El pasado domingo se llevó a cabo un plebiscito para preguntar a los chilenos si estaban de acuerdo con el texto de la nueva Constitución política, propuesta a los ciudadanos para sustituir la anterior.
El resultado fue que el 62% no estaba de acuerdo con la nueva Carta Magna. Como la pregunta era si se aprobaba o no el nuevo texto en su totalidad, en realidad después del resultado es imposible saber a ciencia cierta qué artículos no eran aceptados y cuales sí por los votantes. Del mismo modo que si el resultado hubiera sido el contrario, nadie sabría en cuáles propuestas y en qué medida la gente estaba de acuerdo con lo redactado por los miembros de la Convención Constitucional.
Esa recusación, naturalmente, tiene diferentes lecturas.
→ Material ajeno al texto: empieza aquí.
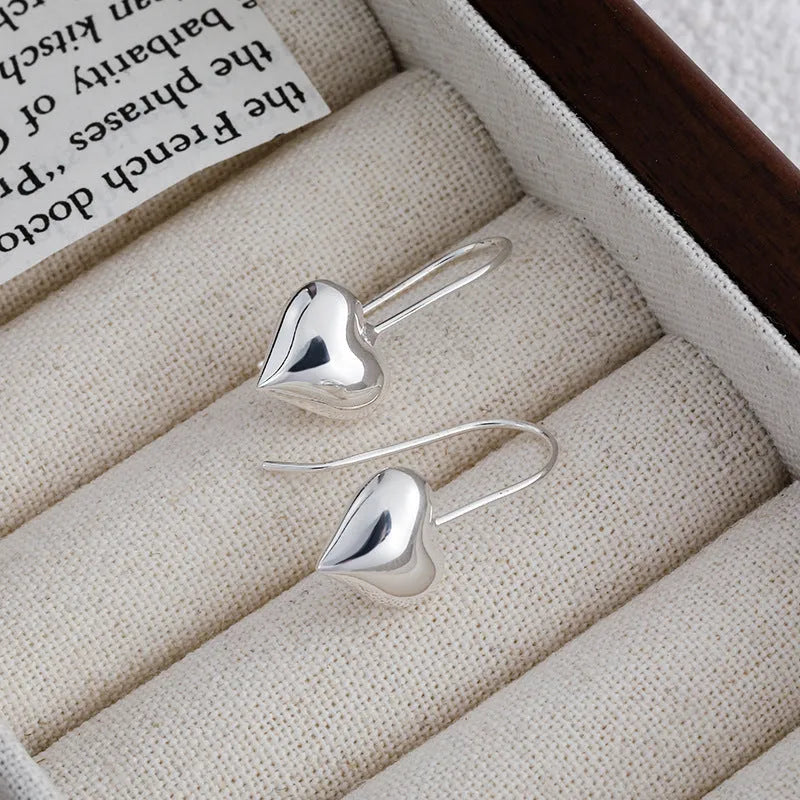 Silver heart-shaped earrings with glossy finish and three-dimensional Korean-style design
Una de ellas es que la propuesta carecía de consenso social; una “explicación” que -dicho sea de paso- explica más bien poco, pues vendría a mostrar que sí hay consenso, pero el contrario: la gente no quería el nuevo texto; otra es que el ambiente político polarizado, instalado en Chile después de la elección del presidente Boric, ha pasado factura a los constituyentes y su proyecto; una tercera lectura va por la línea de que la mayoría del pueblo chileno es, simplemente, más conservador que progresista, y que por eso algunas propuestas de nuevos derechos chocaron con la idea de la gente acerca de los valores que deberían vivirse en la sociedad chilena.
No faltan quienes dicen que la “culpa” del rechazo la tiene el haber hecho de la Constitución un canasto de sastre, en el que la mezcolanza de materias conflictivas (socialmente hablando): aborto, el tratamiento legal de los pueblos originarios, imposición de planteamientos de género y preferencias sexuales, plurinacionalidad dentro de una misma nación, acceso paritario obligatorio de hombres y mujeres en puestos de empleo público, etc.; hizo que el conjunto no fuera aprobado la mayoría de los votantes.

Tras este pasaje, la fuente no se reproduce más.